Pronto, estou bem mais aliviado! Me desculpe por gritar assim … É que isso é um pouco difícil para mim, de verdade… Antes de você começar a me achar não tão corajoso assim, me deixe contar como é quando tenho que cortar o cabelo, talvez eu consiga mudar sua opinião.
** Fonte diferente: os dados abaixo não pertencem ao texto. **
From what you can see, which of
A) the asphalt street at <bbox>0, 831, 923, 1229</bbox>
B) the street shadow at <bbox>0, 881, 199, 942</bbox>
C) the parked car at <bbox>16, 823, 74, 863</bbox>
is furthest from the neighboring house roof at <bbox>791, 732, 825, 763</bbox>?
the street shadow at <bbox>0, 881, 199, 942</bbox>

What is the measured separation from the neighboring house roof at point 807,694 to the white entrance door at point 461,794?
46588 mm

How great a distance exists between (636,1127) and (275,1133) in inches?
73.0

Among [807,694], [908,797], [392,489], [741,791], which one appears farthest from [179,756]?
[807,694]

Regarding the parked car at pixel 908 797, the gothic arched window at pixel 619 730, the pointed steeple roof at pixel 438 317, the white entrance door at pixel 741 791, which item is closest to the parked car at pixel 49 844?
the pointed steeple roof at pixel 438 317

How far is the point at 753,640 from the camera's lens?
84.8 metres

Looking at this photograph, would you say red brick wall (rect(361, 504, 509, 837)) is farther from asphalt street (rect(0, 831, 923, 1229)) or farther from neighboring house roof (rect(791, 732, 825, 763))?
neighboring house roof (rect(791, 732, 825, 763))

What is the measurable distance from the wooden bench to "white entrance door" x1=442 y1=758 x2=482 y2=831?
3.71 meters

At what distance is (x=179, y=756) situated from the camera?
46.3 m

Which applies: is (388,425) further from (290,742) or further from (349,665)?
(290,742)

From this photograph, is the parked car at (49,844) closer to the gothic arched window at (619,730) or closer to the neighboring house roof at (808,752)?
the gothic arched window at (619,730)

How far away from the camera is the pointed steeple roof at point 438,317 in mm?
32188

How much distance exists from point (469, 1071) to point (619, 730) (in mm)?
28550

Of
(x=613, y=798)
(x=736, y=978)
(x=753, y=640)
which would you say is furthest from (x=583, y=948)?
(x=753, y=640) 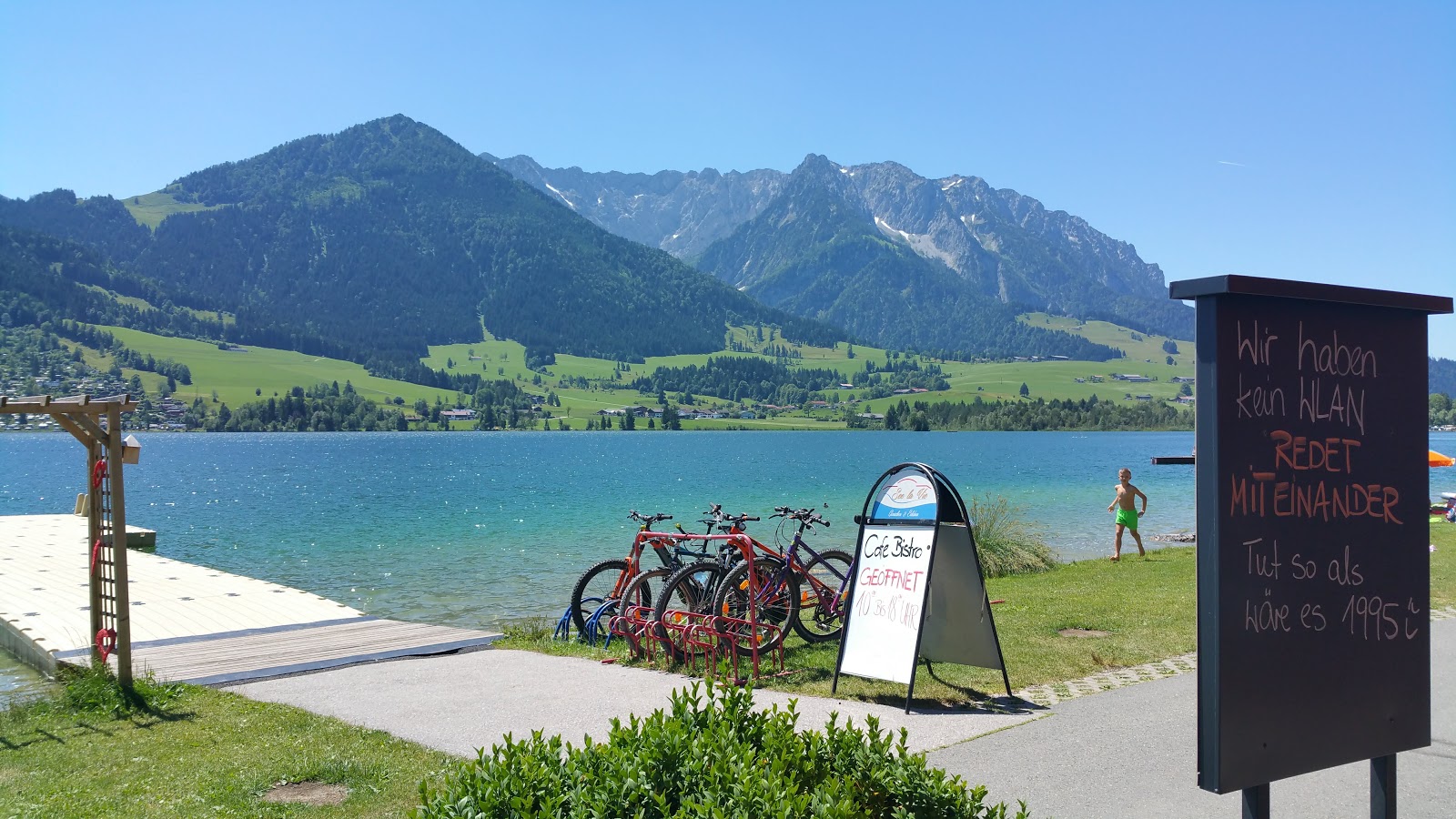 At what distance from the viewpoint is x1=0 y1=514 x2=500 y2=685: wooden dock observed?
1033 cm

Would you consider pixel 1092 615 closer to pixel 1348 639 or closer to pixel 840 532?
pixel 1348 639

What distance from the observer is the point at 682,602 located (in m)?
10.1

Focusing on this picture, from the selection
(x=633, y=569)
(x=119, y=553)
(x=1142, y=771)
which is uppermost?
(x=119, y=553)

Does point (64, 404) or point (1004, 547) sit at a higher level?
point (64, 404)

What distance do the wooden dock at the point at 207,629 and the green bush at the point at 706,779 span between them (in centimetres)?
718

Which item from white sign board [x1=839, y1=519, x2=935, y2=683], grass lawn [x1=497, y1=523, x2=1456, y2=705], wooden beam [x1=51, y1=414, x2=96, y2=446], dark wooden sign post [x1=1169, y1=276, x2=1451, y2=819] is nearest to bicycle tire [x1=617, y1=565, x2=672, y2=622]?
grass lawn [x1=497, y1=523, x2=1456, y2=705]

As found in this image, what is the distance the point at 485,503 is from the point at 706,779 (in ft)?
153

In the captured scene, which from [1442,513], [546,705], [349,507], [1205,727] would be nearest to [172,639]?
[546,705]

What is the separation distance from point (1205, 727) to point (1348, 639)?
31.3 inches

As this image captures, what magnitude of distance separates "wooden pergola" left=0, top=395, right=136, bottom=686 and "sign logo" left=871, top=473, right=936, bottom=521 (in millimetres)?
6026

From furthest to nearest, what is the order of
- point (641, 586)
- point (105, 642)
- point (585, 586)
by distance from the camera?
point (585, 586), point (641, 586), point (105, 642)

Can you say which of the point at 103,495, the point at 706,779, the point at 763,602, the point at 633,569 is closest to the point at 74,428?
the point at 103,495

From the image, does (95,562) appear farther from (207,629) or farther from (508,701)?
(508,701)

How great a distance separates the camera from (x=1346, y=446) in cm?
371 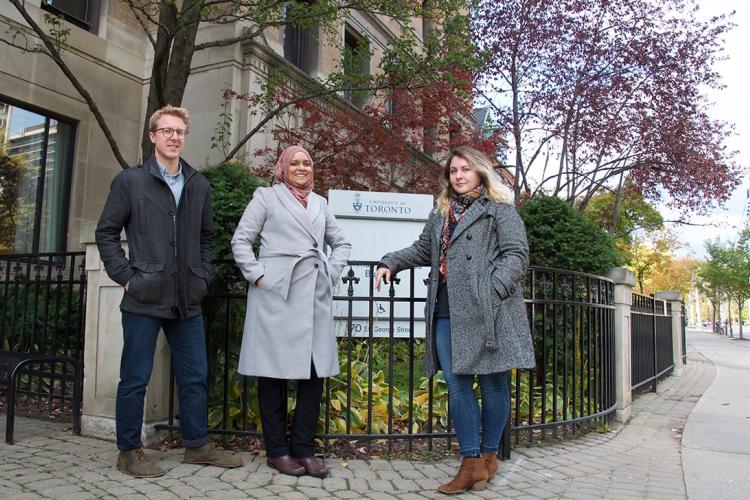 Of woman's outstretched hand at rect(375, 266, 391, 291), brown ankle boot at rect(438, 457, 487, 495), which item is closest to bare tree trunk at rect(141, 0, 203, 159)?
woman's outstretched hand at rect(375, 266, 391, 291)

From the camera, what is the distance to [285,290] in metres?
3.24

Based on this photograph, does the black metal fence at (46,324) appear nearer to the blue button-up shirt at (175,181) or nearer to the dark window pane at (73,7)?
the blue button-up shirt at (175,181)

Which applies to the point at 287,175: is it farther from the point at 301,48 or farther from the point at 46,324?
the point at 301,48

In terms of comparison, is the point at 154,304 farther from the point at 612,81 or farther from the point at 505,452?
the point at 612,81

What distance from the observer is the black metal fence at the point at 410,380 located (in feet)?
12.7

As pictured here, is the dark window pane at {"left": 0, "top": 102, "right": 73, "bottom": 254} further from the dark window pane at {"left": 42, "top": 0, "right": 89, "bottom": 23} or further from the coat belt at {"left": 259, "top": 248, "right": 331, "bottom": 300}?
the coat belt at {"left": 259, "top": 248, "right": 331, "bottom": 300}

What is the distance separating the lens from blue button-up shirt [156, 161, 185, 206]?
3.38m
Tia Conceição sempre cortou meu cabelo, desde que me lembro por gente. Ela mora numa casa com cheiro de gente velha, e como ela e o tio Afrânio já eram velhinhos suponho que vinha deles. Não eram meus tios de verdade, mas era como se fossem. Quando se mora num bairro pequeno, ou vizinhos são seus amigos ou inimigos. Pelo menos é o que eu penso. E tia Conceição e Tio Afrânio eram nossos melhores amigos. Quando o dia do corte chegava eu fazia birra em casa, mas não tinha jeito, minha mãe me levava de qualquer maneira às vezes me arrastando, às vezes me empurrando, eu não tinha escolha. Os cortes eram sempre na varanda da tia Conceição. Eu me sentava numa de suas cadeiras de plástico, virado para um pequeno depósito de ferramentas. Ao lado ficava a casa do cachorro deles: Um vira-lata ruivo que com certeza não gostava de mim. Assim que me via rosnava baixinho e só parava quando era repreendido por um dos meus tios. Mesmo assim me olhava desconfiado com uma orelha abaixada e uma de pé, atento, como se esperasse que a qualquer momento eu esfaqueasse seus amados donos. Ele sempre ficava preso, e se eu realmente tentasse matar aqueles velhinhos simpáticos, ele nada poderia fazer para me impedir.
Eu deixava de me importar com o cachorro quando tia Conceição trazia sua maleta cor de rosa enfeitada com morangos e passarinhos azuis. Para você pode parecer simpática, mas para mim nada mais era do que o recipiente dos dois objetos mais malignos do mundo. E eu juro que naquele momento os morangos se transformavam em corações arrancados de crianças e os passarinhos em corvos assassinos. Tia Conceição começava sempre estendendo sobre mim uma toalha banca, que na verdade não era muito branca. Tinha duas manchas amarelas que lembravam um golfinho e um balão. Depois de me cobrir bem, ela molhava as mãos em uma pia ao lado, massageava meus cabelos os deixando úmidos e pegava o primeiro objeto. A tesoura!
O que me aterrorizava não era a tesoura em si, eu não tinha medo de tesouras. Eu tinha medo de uma tesoura nas mãos tremulas da minha tia com o objetivo de fazer cortes bem próximo da minha cabeça. A profusão cada vez maior sujando a toalha me fazia ficar cada vez mais tenso, pois sabia que quanto mais cabelo, mais aquelas lâminas ficavam perto de me tocar. Seus movimentos não eram os mais precisos e muitas vezes ela me cutucava. Eu fechava os olhos sentindo a tesoura dançar cada vez mais perto, cada vez mais próximo de perfurar meu crânio e fazer jorrar um esguicho de sangue para todos os lados. Às vezes eu abria os olhos e descobria o maldito cachorro me olhando, juro que via uma certa satisfação em seu olhar.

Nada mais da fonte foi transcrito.